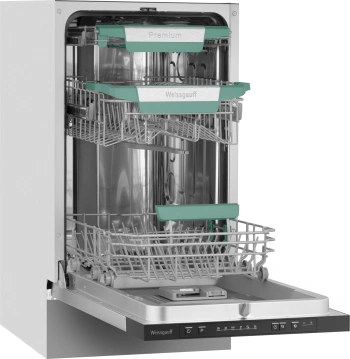 Посудомоечная машина встраив. Weissgauff BDW 4536 D Inverter AutoOpen Infolight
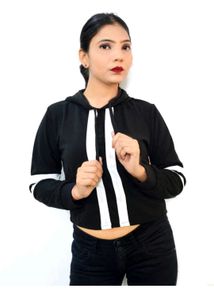 Adidas Cropped Hoodie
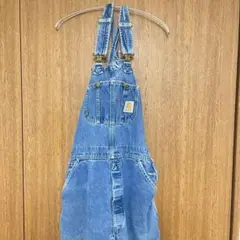 Carhartt カーハート オーバーオール ヴィンテージ 作業着 DIY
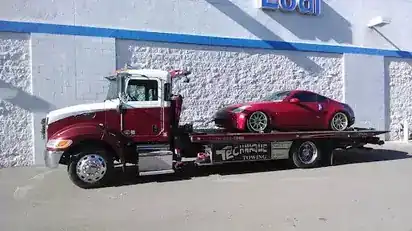 Technique Towing truck photo 1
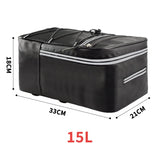 Riding Bike Rear Seat Bag Bicycle Luggage Carrier Rack Cycling Mountain MTB Bike Waterproof Travel Tail Bags Storage Accesories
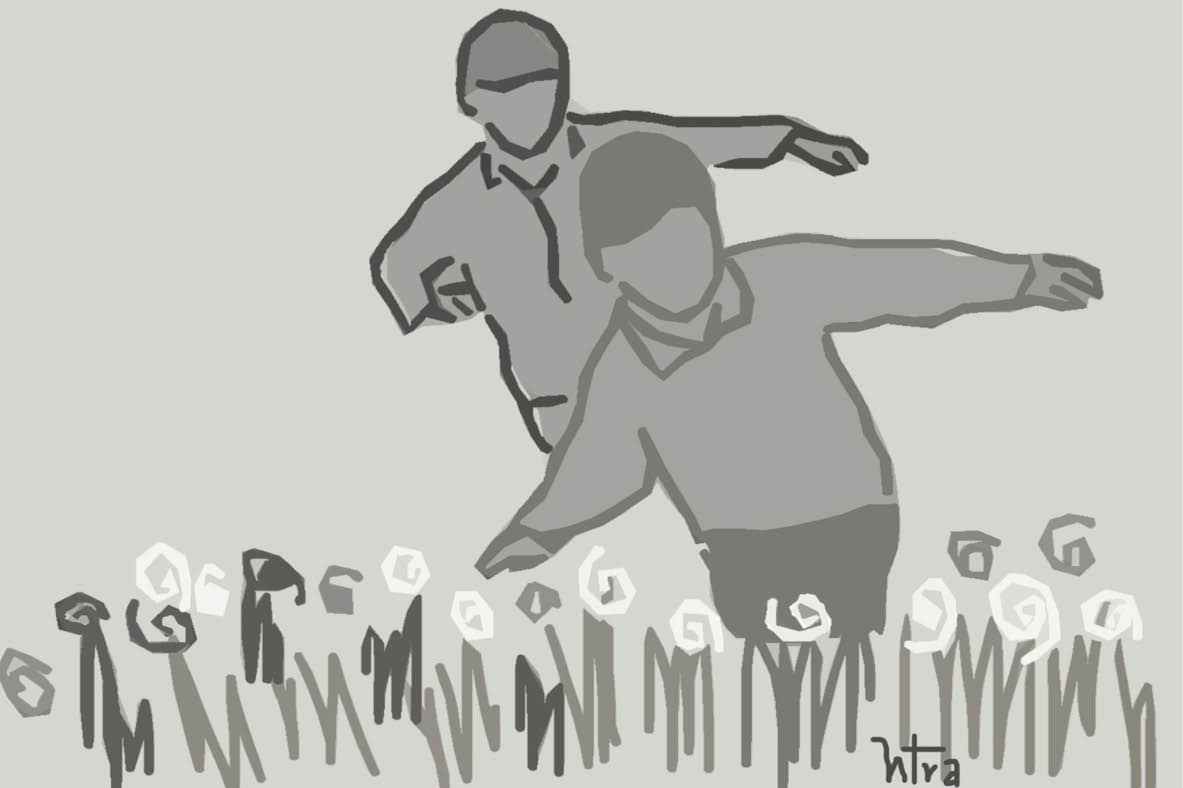 Mùa hè ở đồng quê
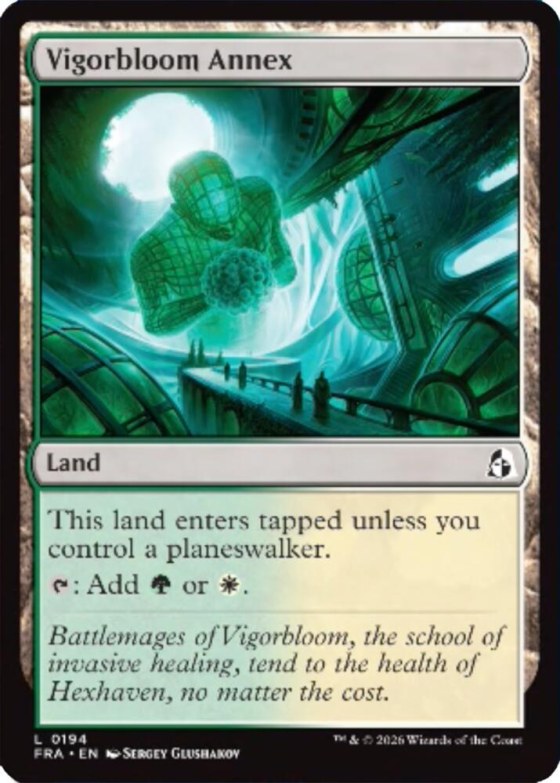Vigorbloom Annex - Foil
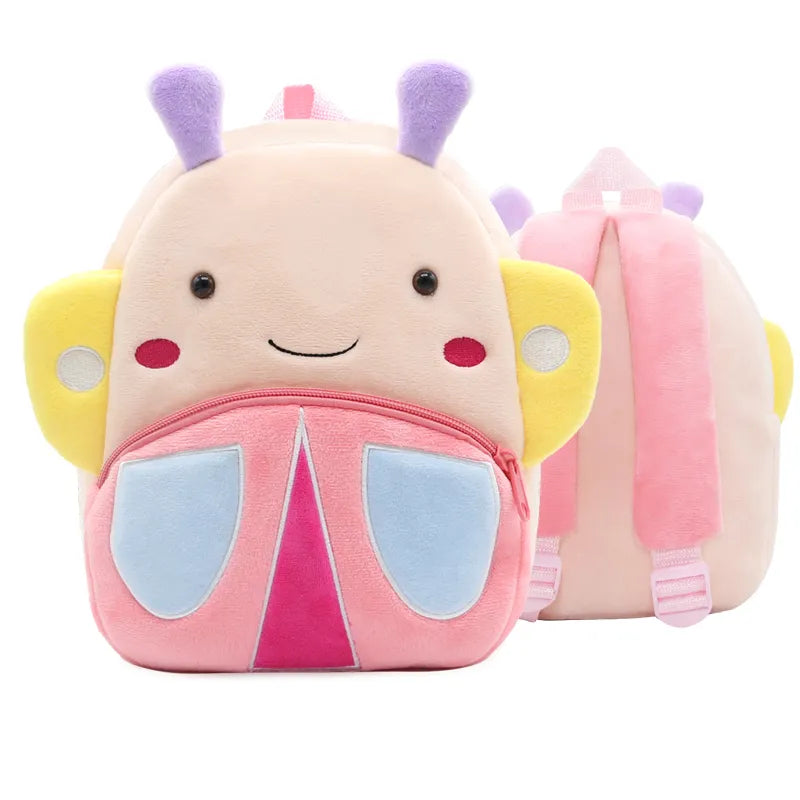 Animals Plush Kids' Backpacks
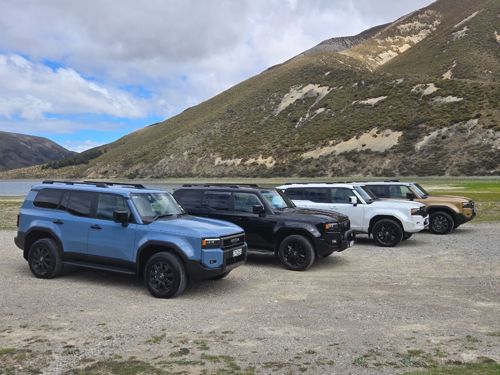Toyota Land Cruiser Prado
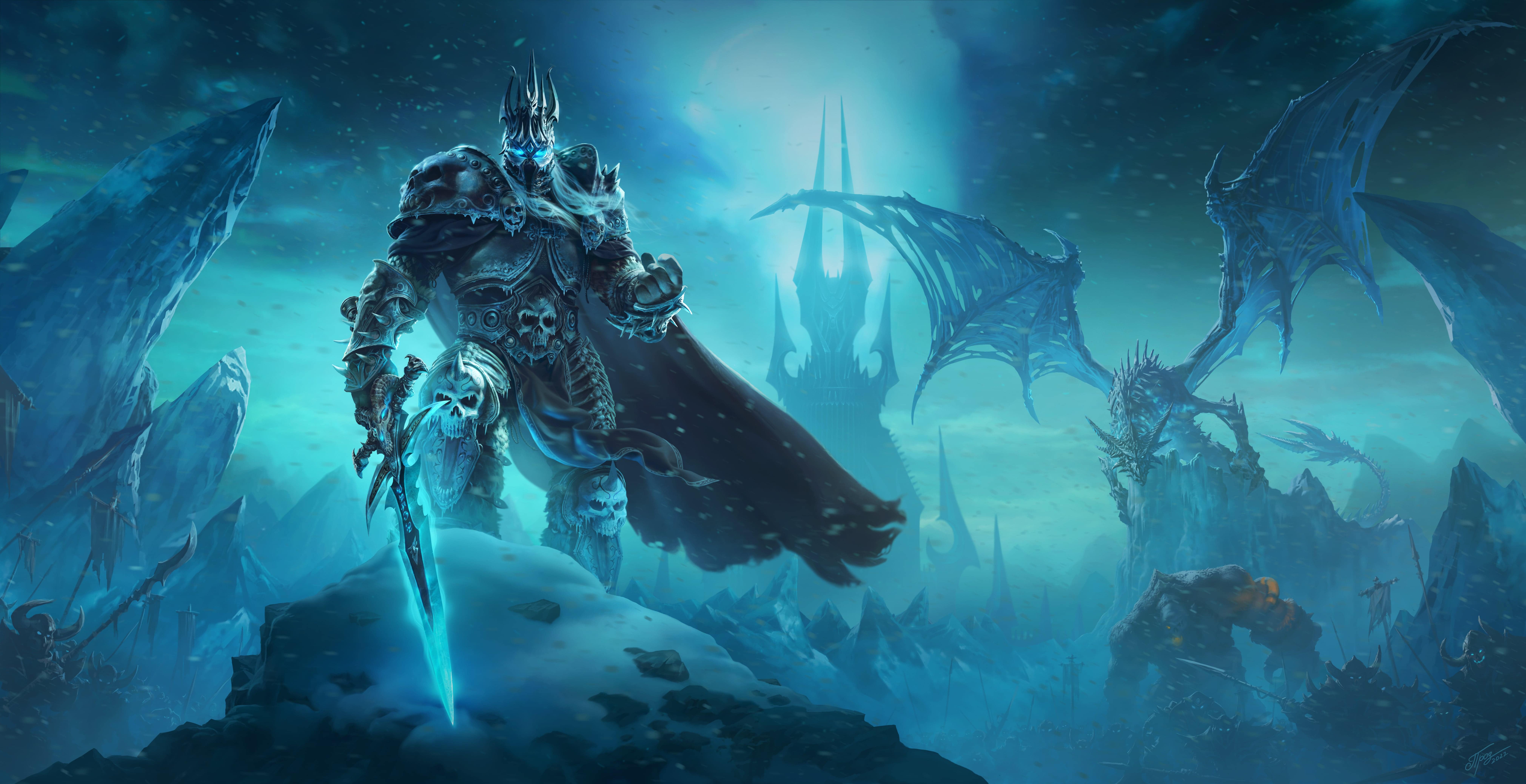 The Lich King – Icecrown Citadel (25) - WotLK Classic - Warcraft Tavern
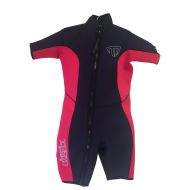 TommyD Sports Womens Shorty Wetsuit - Zip Off Front Zip - 2200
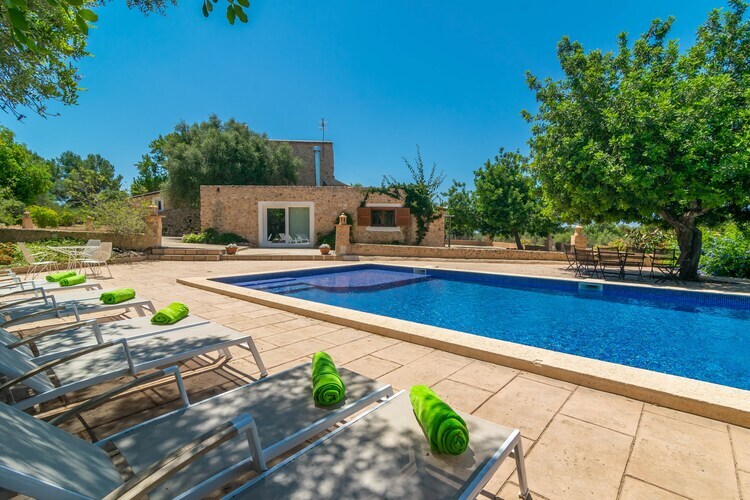 Villa Saran à Llucmajor : piscine eau salée 10x5m - Photo 2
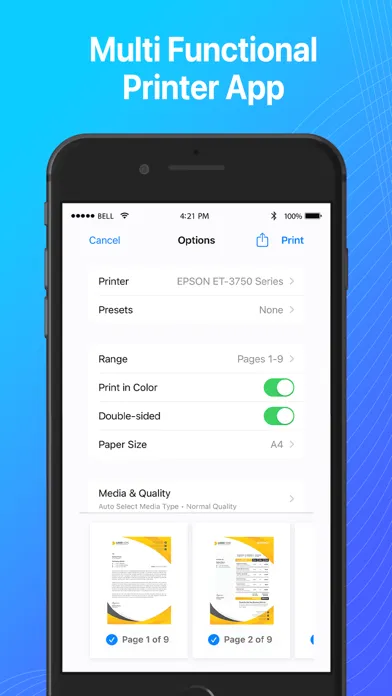 Скриншоты TooleZ: Remote, Mirror & Print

--------------------------------

# Required action:
The answer should contain only the lines from the start of the records above through the line with "The Lich King", copied exactly, and no pictures.

# Reply to the exercise:
 Посудомоечная машина встраив. Weissgauff BDW 4536 D Inverter AutoOpen Infolight
 Adidas Cropped Hoodie
 Carhartt カーハート オーバーオール ヴィンテージ 作業着 DIY
 Technique Towing truck photo 1
 Riding Bike Rear Seat Bag Bicycle Luggage Carrier Rack Cycling Mountain MTB Bike Waterproof Travel Tail Bags Storage Accesories
 Mùa hè ở đồng quê
Vigorbloom Annex - Foil
 Animals Plush Kids' Backpacks
Toyota Land Cruiser Prado
 The Lich King – Icecrown Citadel (25) - WotLK Classic - Warcraft Tavern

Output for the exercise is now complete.